Cotton Australia general manager Michael Murray said with ongoing electricity price wars, a small number of growers are exploring options to get off the grid.
He said electricity prices had been increasing at close to four times the rate of inflation over the past decade, and farmers were at a loss.
“People are genuinely - and we’re not making this up - genuinely finding ways to exit the grid,” he said.
“It is not a massive exit at this stage, but I was talking with a grower at St George who is at the point of converting his pumps to diesel.”
Mr Murray said it was a “no brainer” for farmers to consider spending the $30,000-$40,000 to fit diesel converters.
”We refer to it as the death spiral,” he said.
“It is real, it is happening and it will gather pace.”
With transitional tariffs set to be unavailable in 2020, irrigators will be forced on to demand-based tariffs, which Mr Murray said were not viable for the industry.
“They simply do not work for a flood harvester,” he said.
“They can only operate when the water is available.

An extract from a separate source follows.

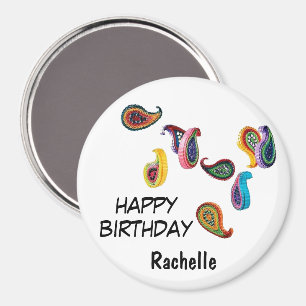 Name, 3-inch Happy Birthday Quilled Paisleys Magnet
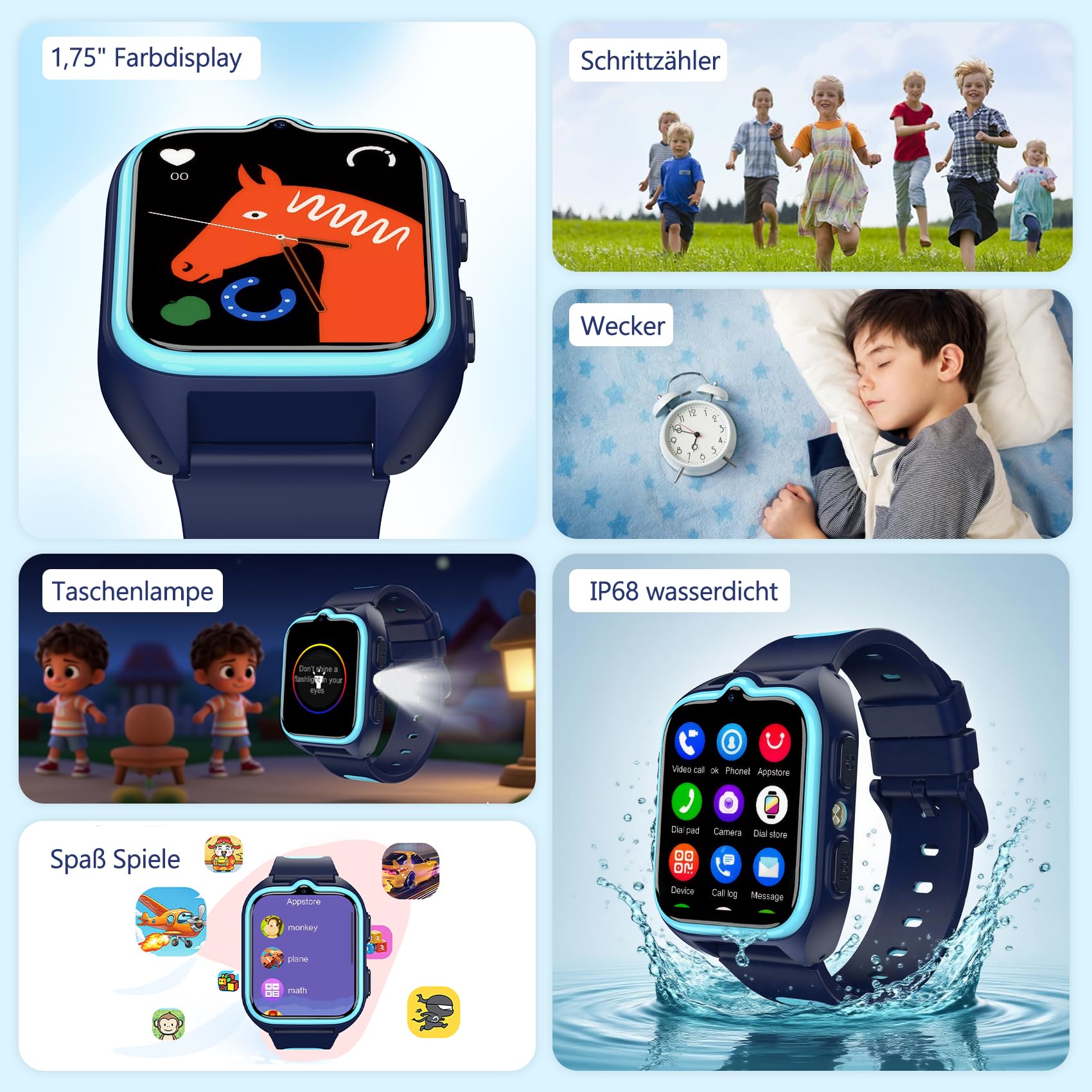 IOWODO Smartwatch Kinder mit GPS, 4G-Anruffunktion & SOS-Notruf, 800mAh Akku, Wasserdicht IP67, Schulmodus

“It varies from year to year, but we’ve got people who would be paying three times more without using one extra bit of electricity.”
We refer to it as the death spiral. It is real, it is happening and it will gather pace.
- Michael Murray
He said any further electricity price hikes, like the ones released on May 31 which were exceptionally higher than the draft proposed in March, would push more irrigators away from electricity.
“It will just feed this movement away from grid electricity,” he said.
“We’re now waiting on the Queensland Government, which has given a new direction to QCA (Queensland Competition Authority) to review those electricity prices that were announced on the 31st of May, and they have until the 16th (June) to come up with those new prices.”